Montréal et le rendez-vous manqué de la Coupe du monde
Après l’obtention de l’organisation de la Coupe du monde de football 2026 par le Canada, les États-Unis et le Mexique, plusieurs observateurs s’attendaient à voir Montréal parmi les villes hôtes de cette compétition, d’autant plus que la métropole présente des atouts solides pour accueillir un évènement d’une telle envergure. Montréal jouit d’un rayonnement international, une ville attractive qui s’est forgé une grande réputation en matière d’organisation d’évènements internationaux (Exposition universelle 1967, Jeux olympiques 1976, Coupe du monde féminine de football 2015, Grand Prix de formule 1 et nombreux festivals et congrès internationaux). La passion des Montréalais pour le football présente aussi un argument solide. Longtemps considéré comme un sport secondaire au pays du hockey, le soccer a connu une croissance fulgurante au cours des dernières décennies dans la métropole. Aussi, une Coupe du monde disputée sur une terre francophone avec une identité culturelle particulière aurait offert une expérience différente de celles proposées par les villes américaines et mexicaines. Avec autant d’arguments de poids, pourquoi alors Montréal a-t-elle renoncé à la Coupe du monde 2026?

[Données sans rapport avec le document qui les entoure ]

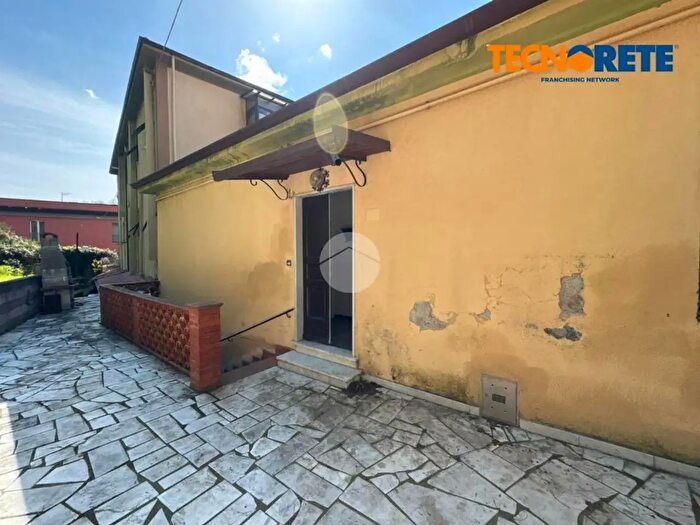 Casa quadrilocale in affitto in Viale S Bartolomeo, La Spezia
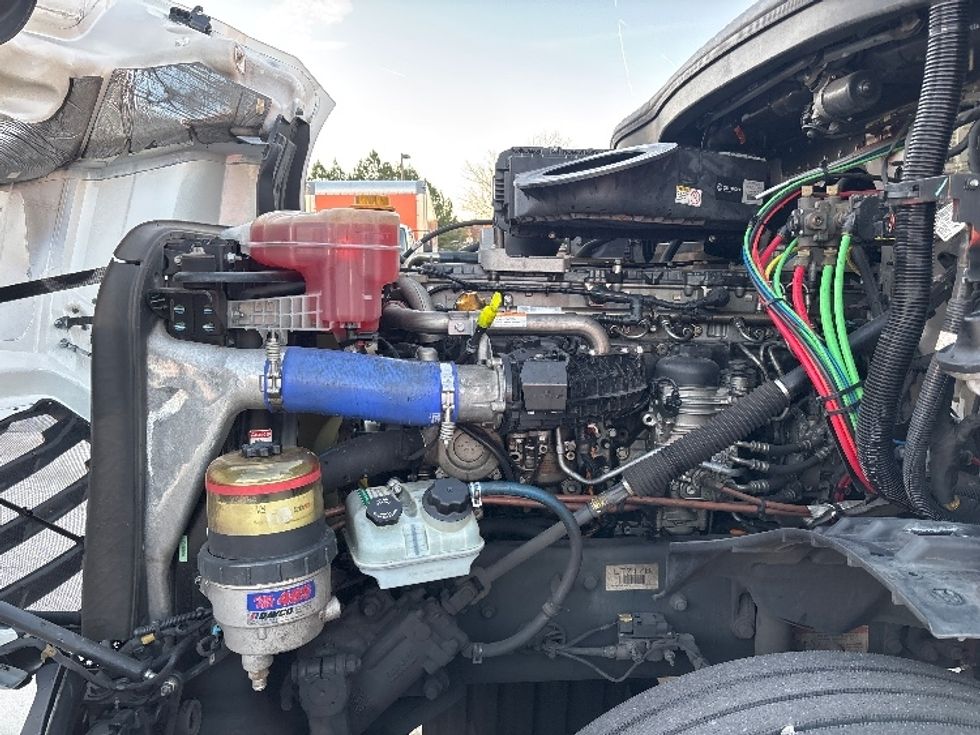 Day Cab Tractor-Heavy Duty Tractors-Freightliner-2020-T12642ST-Norcross-GA-437,447\n\t\tmiles-$ 40,000 - Image 16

La réponse à cette question est avant tout pécuniaire. Les coûts ayant trait à la modernisation des infrastructures, aux exigences de sécurité de la FIFA et à l’organisation des matchs présentaient une bagatelle somme de plus d’un milliard de dollars en fonds publics. Cette somme initiale a été revue à la hausse en raison de l’inflation et, selon l’enquête menée par Romain Schué, journaliste à Radio-Canada, les 13 matchs organisés au Canada auraient coûté entre un et deux milliards de dollars canadiens. De plus, la FIFA exigeait qu’aucun événement sportif ou culturel d’envergure ne se tienne pendant la compétition, tout en réquisitionnant des sites stratégiques comme le Vieux-Port et le parc Jean-Drapeau. Montréal aurait ainsi été contrainte de suspendre plusieurs manifestations emblématiques qui contribuent à son rayonnement international avec un important manque à gagner, notamment le Grand Prix de Formule 1, le Festival international de jazz et les Francos de Montréal. Par ailleurs, dans son enquête intitulée « FIFA : la machine à sous », le journaliste, Romain Schué, révèle que les retombées économiques exceptionnelles annoncées par la FIFA, évaluées à 3,8 milliards de dollars canadiens, reposent sur des projections jugées peu réalistes. Il souligne notamment que les revenus générés par la billetterie (déjà très onéreuse) et par la publicité sont encaissés exclusivement par la FIFA, laquelle exige en outre des gouvernements des pays hôtes des exemptions fiscales.
En somme, Montréal n’a pas été écarté de la Coupe du monde 2026, mais qu’elle a volontairement renoncé à sa candidature, le gouvernement de la province a jugé que les exigences de la FIFA et les coûts potentiels pour les finances publiques étaient trop élevés par rapport aux retombées directes et indirectes tant louées par la première instance du football mondial.